December 4, 2012 / 10:23 PM / 7 years ago

Superstorm Sandy seen striking payrolls

WASHINGTON (Reuters) - U.S. job growth likely slowed sharply in November as superstorm Sandy disrupted economic activity, making it hard get a clear picture of a labor market that has also been hobbled by fears of government austerity.

American flags are seen outside a home damaged from Hurricane Sandy in Lindenhurst, New York December 4, 2012. REUTERS/Shannon Stapleton

Nonfarm payrolls are expected to have increased only 93,000 last month, a sharp step-down from October’s 171,000 job gain, according to a Reuters survey of economists. The unemployment rate is seen holding steady at 7.9 percent.

That would be the fewest number of jobs in five months, but economists blame the anticipated pull-back on the monster storm, which lashed the densely populated East Coast late in October.

While they expect a bounce-back in December, the pace of job growth is expected to remain languid given the economic uncertainty created by the so-called fiscal cliff.

“It is important to remember that the impact of Sandy on total nonfarm payrolls is temporary and should not be blamed for the woes of the current labor market recovery,” said Lewis Alexander, chief economist at Nomura Securities in New York.

The Labor Department will release the November jobs data on Friday at 8:30 a.m. EST (1330 GMT). The late October storm helped hold back consumer spending and industrial production during the month, while spurring a drop in wages.

While it is difficult to quantify the storm’s influence on payrolls in November, economists estimate it could subtract anything between 25,000 and 75,000 jobs.

But businesses already had been showing a reluctance to spend and hire, fearful the government may fail to steer clear of the $600 billion in automatic tax hikes and government spending cuts set to take hold at the start of next year.

Payroll growth averaged 170,000 per month over the last three months, but economists said Sandy put that out of range for November.

“Had we not experienced the kind of disruption that Sandy brought to bear, we would have seen at least a recurrence if not an increase in the number of jobs added in November,” said Patrick O’Keefe, head of economic research at J.H. Cohn in Roseland, New Jersey.

“The underlying trend temporarily got disrupted by the storm, but it’s still a very tepid recovery.”


Given the anticipated volatility in the report, policymakers at the Federal Reserve are unlikely to attach too much weight to it when they meet next Tuesday and Wednesday to assess the economy and deliberate on monetary policy.

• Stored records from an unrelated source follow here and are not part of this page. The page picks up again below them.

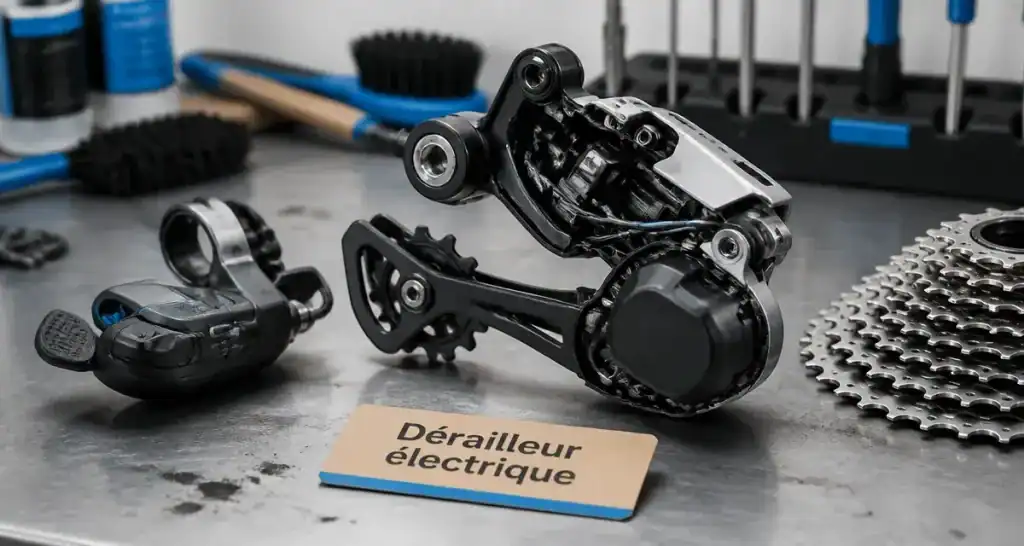 derailleur electrique sur établi vélo, câble et boîtier moteur visibles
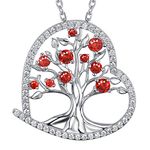 Tree of Life Love Heart Pendant Necklace for Mom Birthday Gifts Wife Ruby Necklace Mothers Day Neclace Gifts Women July Birthstone 925 Sterling Silver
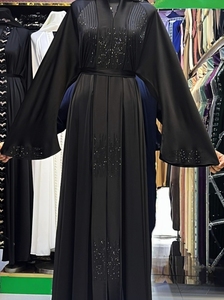 Abaya Musulmana Tradicional de Manga Larga con Cuentas y Lentejuelas, Estilo Dubai, Hecha a Mano, para Bodas, Transpirable, con Cuello en V, Venta al Por Mayor - Product Image 6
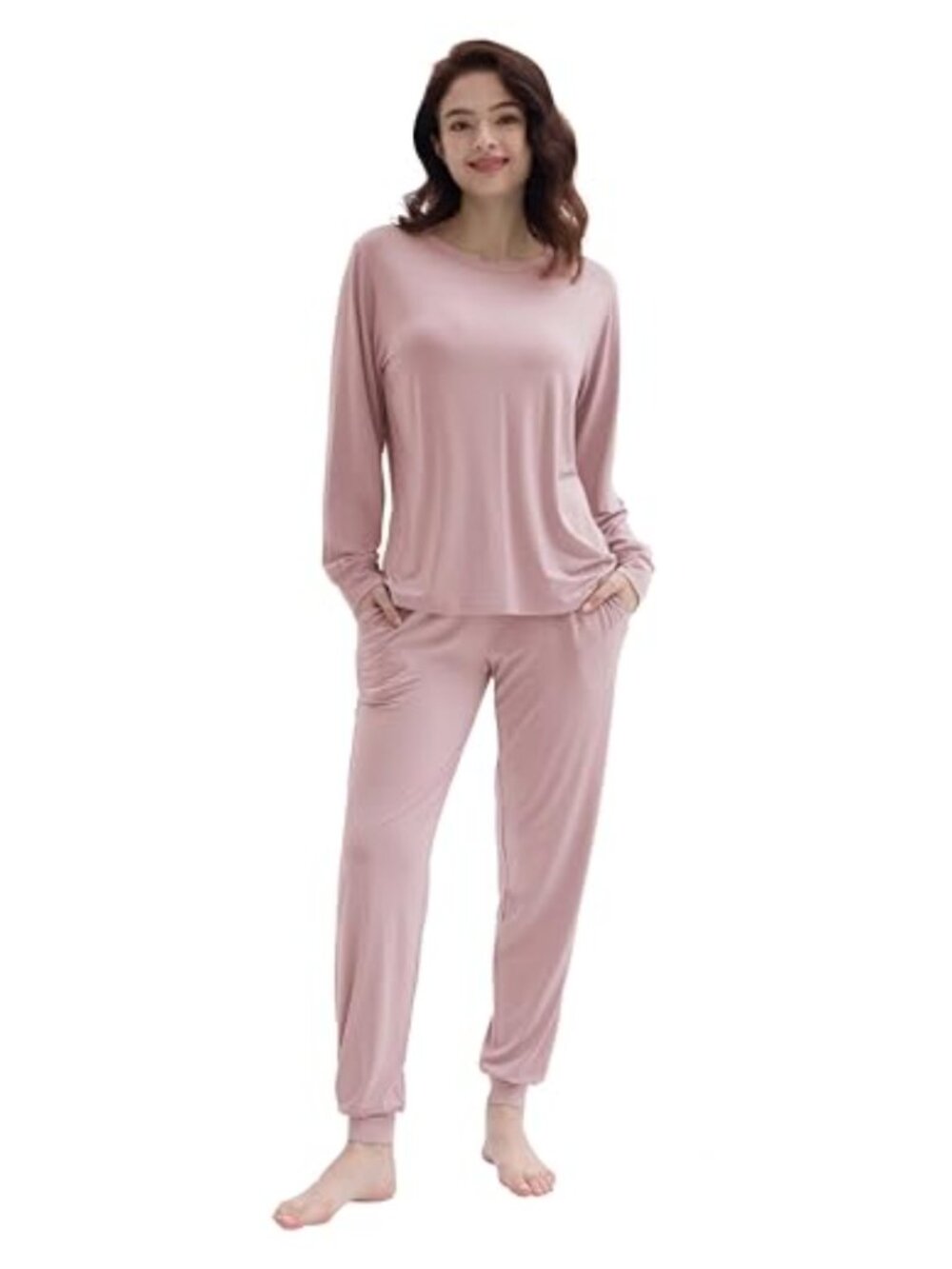 Bamboo Viscose Pajama Set Long Sleeve Jogger PJs with Pockets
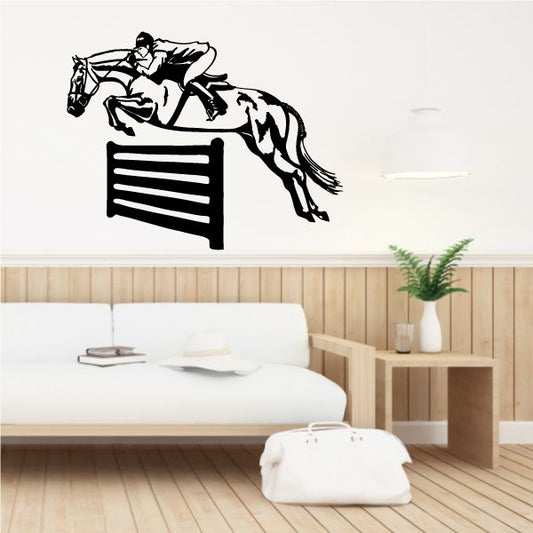 Horse jumping over fence wall decal, black vinyl silhouette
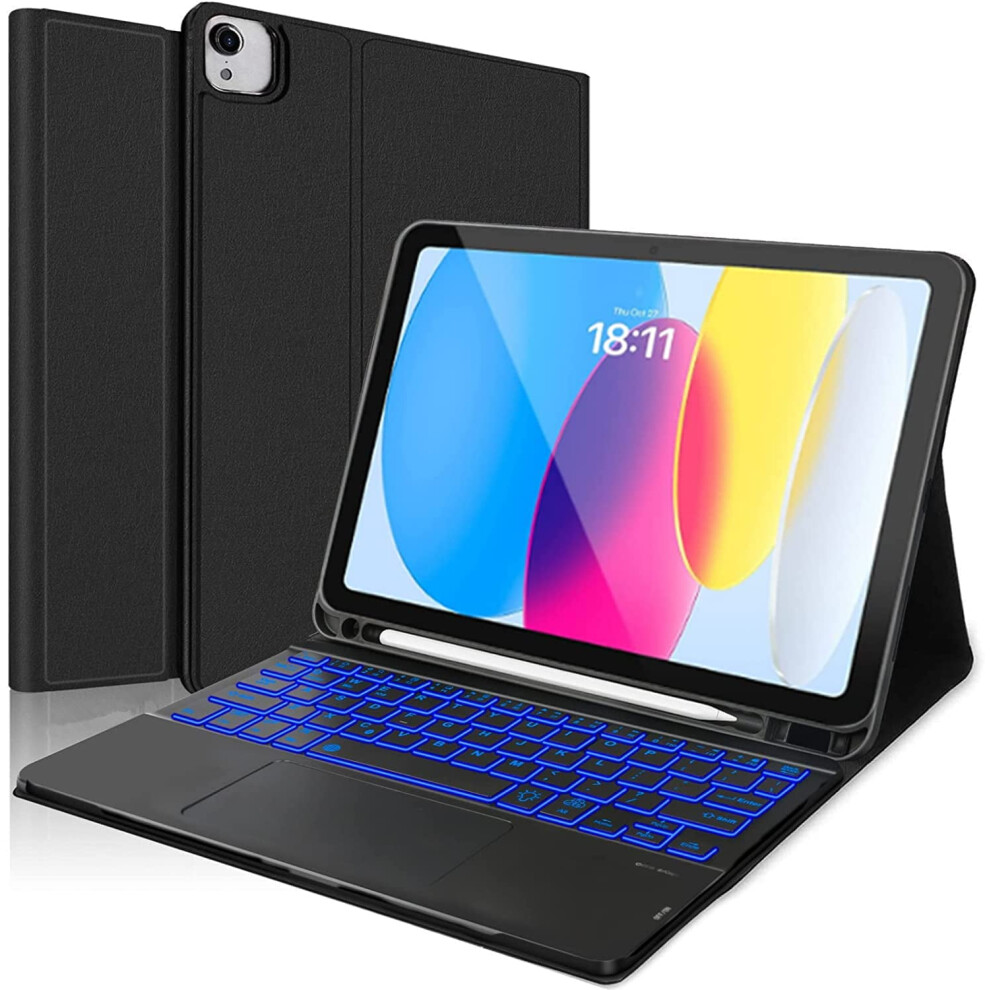 Touchpad Keyboard Case Compatible With Ipad 10Th Gen (10.9", 2022), Multi-Touch Trackpad, Soft Tpu Back, Magnetic Detach, Pencil Holder 9405492487413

Economists said officials at the U.S. central bank would keep a close eye on the budget talks in Washington, where lack of progress should encourage them to stay on their ultra-easy monetary policy path.

A persistently weak labor market led the Fed in September to launch a program to buy $40 billion worth of mortgage-backed securities every month. It said it would keep buying until there was a sustained improvement in the jobs market.

Those purchases, aimed at driving down borrowing costs, come on top of the $45 billion a month the Fed is buying in long-term Treasuries with proceeds from sales of shorter-term debt.

That program expires at the end of the year and the Fed is expected to replace it by creating money to buy more Treasuries.

“Even absent Sandy, the economy is not growing at the rate they would like to see so that is reason for them to continue with more quantitative easing,” said Torsten Slok, chief international economist at Deutsche Bank Securities in New York.

A spike in first-time applications for state unemployment benefits, especially in New York and New Jersey, in the two weeks after the monster storm, probably offered an early glimpse into the Sandy’s potential toll on November payrolls.

Economists said some employers affected by the storm were probably unable to respond to the Labor Department’s monthly jobs survey, and that the government would likely have to make some guesses as to the storm’s impact.

According to economists, the department faced this problem in 2005 when Hurricane Katrina devastated the Gulf Coast. In that instance, it greatly over-estimated the storm’s impact and some economists think it may do so again, with subsequent payroll data being revised higher.

Sandy may have hurt retail employment, while temporary help hiring and construction payrolls probably got a boost from storm-related clean-up and rebuilding efforts. A rise in homebuilding, thanks to the Fed’s loose policy stance, is another reason to look for an increase in construction jobs.

Manufacturing employment was probably flat in November, while economists said government payrolls likely fell by 2,000. While average hourly earnings are expected to have edged up and the workweek to have held steady, the risks are to the downside, economists said.